En dehors du fait que Talon joue au milliardaire à la libéralité facile au frais de l’Etat, cette compulsion dépensière n’est pas le fait du hasard. La libéralité de Talon à l’endroit des membres de son gouvernement, et plus particulièrement à l’endroit du Ministre des Affaires étrangère traduit toute l’importance  qu’il accorde à la diplomatie, aux relations internationales dans sa stratégie de gouvernance. Une bonne partie du financement de son programme d’action dépend de l’aide extérieure sous ses formes diverses, la bonne volonté sinon le bon cœur de ceux qu’on appelle «  nos partenaires économiques et financiers ». Certes, cette option n’a rien d’original historiquement. La nouveauté et l’originalité sous Talon résident dans sa volonté d’optimiser ou de doper les apports, de tirer le meilleur et le maximum de cette antique posture d’assisté qui est la marque même de notre sous-développement. Chez Talon, cette option volontariste se complète du rôle décisif accordé au développement du tourisme comme l’un des piliers de l’économie. Or, qui dit tourisme dit ouverture sur l’extérieur, échange avec le reste du monde, et mise en orbite diplomatique du Bénin à travers une politique libérale axée sur des projets et décisions phares. Le coup d’envoi de cette ouverture internationale a été donné par la décision de suppression des visas pour les ressortissants des pays africains. Dans ces conditions, au sein du gouvernement, y compris d’un point de vue financier, le Ministère des Affaires étrangères jouit d’ une importance à la fois stratégique et capitale aux yeux de Talon. De la compétence et du savoir-faire de celui qui en a la charge dépendra la fantastique différence sur laquelle le chantre de la rupture a jeté son dévolu pour à son tour faire la différence par rapport à ses prédécesseurs et à leurs promesses de changement qui ont fait long feu.

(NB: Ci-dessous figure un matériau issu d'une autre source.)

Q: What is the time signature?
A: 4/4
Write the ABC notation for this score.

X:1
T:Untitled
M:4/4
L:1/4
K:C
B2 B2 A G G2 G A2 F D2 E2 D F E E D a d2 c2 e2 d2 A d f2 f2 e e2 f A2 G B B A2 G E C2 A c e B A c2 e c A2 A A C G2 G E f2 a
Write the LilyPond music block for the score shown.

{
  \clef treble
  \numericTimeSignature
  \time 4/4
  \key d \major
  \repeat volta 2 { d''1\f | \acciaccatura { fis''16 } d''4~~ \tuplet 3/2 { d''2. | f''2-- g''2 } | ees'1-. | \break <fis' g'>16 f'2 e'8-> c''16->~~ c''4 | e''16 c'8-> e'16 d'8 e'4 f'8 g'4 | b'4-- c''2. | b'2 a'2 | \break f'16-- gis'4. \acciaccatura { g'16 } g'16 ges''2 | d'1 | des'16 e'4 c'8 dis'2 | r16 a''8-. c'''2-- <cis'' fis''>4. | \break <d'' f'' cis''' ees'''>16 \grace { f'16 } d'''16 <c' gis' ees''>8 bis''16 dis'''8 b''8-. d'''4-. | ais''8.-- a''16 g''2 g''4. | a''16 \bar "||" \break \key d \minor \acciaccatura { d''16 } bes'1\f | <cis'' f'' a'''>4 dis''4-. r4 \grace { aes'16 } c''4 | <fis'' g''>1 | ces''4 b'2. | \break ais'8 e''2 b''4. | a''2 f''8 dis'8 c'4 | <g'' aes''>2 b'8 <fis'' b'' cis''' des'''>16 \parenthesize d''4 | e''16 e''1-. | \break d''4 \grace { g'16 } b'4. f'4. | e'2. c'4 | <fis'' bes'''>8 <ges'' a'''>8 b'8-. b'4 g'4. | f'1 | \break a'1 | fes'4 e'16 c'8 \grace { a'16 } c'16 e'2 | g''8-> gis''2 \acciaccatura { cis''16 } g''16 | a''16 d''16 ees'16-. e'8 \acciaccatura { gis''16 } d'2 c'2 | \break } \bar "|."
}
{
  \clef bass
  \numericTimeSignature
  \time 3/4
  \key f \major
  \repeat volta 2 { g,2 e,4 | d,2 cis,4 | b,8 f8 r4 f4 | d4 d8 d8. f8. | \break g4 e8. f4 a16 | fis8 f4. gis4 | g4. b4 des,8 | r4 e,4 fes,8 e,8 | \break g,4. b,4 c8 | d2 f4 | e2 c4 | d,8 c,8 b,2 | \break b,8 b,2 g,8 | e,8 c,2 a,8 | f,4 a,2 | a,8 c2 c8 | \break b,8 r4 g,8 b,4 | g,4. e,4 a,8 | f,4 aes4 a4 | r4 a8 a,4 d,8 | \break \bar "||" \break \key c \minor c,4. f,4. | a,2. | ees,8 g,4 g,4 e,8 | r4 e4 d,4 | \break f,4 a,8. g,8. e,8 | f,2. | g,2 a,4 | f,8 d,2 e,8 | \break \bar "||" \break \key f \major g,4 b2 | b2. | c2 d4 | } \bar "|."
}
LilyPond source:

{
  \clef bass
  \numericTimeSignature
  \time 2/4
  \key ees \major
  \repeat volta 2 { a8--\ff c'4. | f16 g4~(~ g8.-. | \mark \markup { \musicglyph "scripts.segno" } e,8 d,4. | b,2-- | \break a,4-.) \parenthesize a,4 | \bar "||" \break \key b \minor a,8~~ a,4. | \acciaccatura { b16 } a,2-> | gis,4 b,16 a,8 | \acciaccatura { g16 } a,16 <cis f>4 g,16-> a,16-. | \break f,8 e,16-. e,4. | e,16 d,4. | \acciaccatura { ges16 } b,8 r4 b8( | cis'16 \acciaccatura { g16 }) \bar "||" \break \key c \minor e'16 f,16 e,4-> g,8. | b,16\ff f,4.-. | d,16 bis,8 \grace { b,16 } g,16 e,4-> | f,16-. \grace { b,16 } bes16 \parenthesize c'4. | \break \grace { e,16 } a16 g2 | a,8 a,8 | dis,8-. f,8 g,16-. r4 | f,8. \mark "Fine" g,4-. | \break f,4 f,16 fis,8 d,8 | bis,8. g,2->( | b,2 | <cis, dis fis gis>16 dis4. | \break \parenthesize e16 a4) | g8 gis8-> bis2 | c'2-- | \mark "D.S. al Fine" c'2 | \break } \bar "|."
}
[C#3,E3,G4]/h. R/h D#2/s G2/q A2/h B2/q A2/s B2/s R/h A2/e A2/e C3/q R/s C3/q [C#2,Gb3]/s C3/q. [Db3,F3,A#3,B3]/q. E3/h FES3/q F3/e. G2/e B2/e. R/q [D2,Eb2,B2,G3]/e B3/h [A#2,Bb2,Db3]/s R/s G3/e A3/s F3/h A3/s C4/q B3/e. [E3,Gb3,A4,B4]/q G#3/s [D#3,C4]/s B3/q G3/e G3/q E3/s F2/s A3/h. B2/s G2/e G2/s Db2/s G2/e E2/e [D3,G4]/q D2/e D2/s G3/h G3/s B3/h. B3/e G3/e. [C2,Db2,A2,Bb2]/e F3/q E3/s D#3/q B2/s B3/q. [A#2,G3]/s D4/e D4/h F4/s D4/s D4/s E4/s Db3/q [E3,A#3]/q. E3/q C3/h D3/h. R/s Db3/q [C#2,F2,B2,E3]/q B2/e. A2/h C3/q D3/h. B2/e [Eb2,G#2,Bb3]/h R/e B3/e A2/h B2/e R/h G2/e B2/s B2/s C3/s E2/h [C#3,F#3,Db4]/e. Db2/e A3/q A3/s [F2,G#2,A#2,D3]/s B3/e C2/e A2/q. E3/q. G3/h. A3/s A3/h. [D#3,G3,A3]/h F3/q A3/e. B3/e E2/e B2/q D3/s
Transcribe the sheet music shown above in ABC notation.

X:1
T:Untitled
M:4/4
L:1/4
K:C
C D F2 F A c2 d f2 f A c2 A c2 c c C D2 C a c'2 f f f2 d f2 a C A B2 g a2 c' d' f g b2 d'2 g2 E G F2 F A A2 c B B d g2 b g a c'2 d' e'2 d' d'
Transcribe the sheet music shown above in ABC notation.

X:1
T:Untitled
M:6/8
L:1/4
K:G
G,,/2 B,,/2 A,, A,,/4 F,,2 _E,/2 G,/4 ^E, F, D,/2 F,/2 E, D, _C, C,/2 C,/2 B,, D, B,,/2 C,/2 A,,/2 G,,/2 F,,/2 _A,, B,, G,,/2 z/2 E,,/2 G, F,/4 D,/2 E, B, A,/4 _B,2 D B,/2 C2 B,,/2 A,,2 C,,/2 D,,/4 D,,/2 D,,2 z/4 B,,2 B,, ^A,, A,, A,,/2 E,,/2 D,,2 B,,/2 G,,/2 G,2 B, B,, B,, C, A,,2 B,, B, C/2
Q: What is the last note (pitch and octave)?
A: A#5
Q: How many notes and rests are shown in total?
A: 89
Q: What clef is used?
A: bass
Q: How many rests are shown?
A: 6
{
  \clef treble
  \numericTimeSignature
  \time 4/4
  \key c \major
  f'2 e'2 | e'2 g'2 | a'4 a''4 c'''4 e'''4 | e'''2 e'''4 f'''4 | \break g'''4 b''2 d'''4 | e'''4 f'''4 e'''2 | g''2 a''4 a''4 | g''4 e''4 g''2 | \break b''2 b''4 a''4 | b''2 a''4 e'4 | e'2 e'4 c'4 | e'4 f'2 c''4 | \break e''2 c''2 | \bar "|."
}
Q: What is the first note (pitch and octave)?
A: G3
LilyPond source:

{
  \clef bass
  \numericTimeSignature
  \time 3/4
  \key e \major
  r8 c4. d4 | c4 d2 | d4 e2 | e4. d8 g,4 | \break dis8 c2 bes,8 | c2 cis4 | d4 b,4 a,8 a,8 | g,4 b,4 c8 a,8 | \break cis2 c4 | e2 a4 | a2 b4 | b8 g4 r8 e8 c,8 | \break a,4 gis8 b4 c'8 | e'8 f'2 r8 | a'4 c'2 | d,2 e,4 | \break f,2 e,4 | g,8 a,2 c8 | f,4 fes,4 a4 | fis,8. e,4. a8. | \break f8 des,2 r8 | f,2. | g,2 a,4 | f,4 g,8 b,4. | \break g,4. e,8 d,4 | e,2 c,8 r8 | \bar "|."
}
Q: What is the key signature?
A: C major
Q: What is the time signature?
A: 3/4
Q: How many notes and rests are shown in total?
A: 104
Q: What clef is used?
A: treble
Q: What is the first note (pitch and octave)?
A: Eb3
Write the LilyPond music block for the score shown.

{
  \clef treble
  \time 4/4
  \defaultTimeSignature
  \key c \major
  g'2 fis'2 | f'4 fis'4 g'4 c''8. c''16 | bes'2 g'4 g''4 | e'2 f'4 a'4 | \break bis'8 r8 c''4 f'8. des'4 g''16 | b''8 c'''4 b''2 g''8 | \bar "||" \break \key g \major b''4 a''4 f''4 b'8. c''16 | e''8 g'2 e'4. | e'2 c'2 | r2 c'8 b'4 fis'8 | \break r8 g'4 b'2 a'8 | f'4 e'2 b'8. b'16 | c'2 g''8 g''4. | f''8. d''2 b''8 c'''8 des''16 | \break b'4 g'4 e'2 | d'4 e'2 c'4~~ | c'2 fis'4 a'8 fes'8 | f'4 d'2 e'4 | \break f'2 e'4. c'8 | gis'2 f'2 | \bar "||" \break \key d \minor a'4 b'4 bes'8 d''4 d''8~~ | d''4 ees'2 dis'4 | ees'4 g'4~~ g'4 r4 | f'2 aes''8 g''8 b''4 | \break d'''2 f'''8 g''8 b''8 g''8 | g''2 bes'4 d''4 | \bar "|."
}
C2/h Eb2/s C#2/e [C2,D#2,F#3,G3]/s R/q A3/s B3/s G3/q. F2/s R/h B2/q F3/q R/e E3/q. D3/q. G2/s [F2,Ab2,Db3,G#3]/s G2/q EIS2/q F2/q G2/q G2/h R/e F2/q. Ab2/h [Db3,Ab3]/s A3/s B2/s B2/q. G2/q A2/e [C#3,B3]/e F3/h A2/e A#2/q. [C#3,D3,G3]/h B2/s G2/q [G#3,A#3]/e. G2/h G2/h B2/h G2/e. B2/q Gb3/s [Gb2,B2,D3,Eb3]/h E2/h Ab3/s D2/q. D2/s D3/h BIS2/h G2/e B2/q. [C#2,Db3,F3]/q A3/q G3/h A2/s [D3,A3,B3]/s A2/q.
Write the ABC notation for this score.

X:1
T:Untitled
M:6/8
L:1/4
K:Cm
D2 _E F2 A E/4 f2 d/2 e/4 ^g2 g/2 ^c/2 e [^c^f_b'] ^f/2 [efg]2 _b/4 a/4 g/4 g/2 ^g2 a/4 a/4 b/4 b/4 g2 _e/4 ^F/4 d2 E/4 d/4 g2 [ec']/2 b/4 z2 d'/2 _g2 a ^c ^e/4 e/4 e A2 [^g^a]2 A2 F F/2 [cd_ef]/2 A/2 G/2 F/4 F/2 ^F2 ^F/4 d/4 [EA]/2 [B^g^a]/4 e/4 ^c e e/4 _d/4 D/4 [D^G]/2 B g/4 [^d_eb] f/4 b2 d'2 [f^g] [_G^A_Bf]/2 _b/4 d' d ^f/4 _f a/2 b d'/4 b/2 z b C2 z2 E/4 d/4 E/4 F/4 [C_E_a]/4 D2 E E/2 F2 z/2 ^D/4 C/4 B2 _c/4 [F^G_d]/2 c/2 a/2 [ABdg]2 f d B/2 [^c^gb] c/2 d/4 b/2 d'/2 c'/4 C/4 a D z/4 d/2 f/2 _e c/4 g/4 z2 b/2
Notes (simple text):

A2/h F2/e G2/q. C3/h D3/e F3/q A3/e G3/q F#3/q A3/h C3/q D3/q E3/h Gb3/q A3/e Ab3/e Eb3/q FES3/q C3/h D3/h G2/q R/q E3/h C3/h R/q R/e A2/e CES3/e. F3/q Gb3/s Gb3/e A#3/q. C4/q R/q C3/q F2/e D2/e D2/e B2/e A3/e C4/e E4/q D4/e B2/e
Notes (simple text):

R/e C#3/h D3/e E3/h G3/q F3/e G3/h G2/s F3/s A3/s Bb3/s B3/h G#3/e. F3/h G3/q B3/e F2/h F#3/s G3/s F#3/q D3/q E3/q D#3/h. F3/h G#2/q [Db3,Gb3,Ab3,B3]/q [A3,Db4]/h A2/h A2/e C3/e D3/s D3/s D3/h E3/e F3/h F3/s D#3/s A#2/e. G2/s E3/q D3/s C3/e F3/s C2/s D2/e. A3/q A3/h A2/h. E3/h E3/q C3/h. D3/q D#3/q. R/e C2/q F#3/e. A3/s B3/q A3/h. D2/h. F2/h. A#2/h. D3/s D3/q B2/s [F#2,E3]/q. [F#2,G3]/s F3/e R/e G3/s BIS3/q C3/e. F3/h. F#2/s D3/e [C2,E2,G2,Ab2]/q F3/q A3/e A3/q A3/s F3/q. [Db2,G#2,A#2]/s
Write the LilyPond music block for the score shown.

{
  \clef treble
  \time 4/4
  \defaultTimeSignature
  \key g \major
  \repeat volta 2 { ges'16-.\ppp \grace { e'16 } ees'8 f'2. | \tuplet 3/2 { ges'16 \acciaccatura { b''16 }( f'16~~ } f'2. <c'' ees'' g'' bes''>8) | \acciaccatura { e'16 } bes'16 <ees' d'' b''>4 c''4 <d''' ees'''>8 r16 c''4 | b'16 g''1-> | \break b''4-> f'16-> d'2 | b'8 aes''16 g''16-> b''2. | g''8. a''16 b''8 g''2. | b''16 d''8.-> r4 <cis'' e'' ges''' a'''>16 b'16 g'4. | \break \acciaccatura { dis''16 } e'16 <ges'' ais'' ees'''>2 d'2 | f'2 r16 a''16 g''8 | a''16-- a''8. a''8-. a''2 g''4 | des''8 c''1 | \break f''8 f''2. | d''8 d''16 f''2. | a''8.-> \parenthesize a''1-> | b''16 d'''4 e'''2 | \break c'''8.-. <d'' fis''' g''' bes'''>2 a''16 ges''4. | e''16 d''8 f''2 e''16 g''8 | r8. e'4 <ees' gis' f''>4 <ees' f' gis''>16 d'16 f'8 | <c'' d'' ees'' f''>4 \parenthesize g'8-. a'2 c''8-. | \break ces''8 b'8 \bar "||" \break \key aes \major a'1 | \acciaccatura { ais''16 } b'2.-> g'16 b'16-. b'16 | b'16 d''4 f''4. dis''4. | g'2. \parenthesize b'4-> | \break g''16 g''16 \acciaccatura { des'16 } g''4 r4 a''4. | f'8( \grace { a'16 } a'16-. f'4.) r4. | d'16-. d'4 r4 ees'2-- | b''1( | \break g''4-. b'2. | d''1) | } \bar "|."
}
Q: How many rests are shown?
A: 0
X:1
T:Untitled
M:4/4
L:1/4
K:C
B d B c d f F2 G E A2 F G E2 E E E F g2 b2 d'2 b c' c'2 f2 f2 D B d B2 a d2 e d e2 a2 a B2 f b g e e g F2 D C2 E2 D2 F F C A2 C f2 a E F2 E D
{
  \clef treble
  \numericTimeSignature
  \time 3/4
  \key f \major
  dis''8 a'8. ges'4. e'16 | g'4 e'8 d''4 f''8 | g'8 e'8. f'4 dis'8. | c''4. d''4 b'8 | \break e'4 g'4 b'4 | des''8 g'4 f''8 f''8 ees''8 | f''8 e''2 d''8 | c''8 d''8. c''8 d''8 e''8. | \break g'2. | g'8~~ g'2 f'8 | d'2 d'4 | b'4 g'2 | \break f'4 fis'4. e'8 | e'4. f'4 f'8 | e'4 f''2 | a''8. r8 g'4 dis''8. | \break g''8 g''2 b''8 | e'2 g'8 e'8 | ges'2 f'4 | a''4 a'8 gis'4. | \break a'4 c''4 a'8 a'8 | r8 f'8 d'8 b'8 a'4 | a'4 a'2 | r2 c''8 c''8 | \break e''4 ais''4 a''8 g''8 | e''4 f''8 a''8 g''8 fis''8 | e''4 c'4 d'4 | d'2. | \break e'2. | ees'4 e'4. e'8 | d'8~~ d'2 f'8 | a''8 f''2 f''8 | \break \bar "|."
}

On comprend dès lors pourquoi Talon n’hésite pas à dorloter le Ministre des Affaires étrangères et à lui faire un pont d’or salarial pour le moins fantastique. Il est fort à parier que le salaire du Ministre des Affaires étrangères  a servi d’aune et de référence à partir desquelles les salaires des autres Ministres et cadres politico-administratifs ont été déterminés.  Ainsi pourrait-on considérer sans grand risque d’erreur que dans l’esprit de l’ordonnateur en chef du régime de la rupture, d’un point de vue salarial, Ministre = ½MAE ; Préfet = ⅓MAE, etc…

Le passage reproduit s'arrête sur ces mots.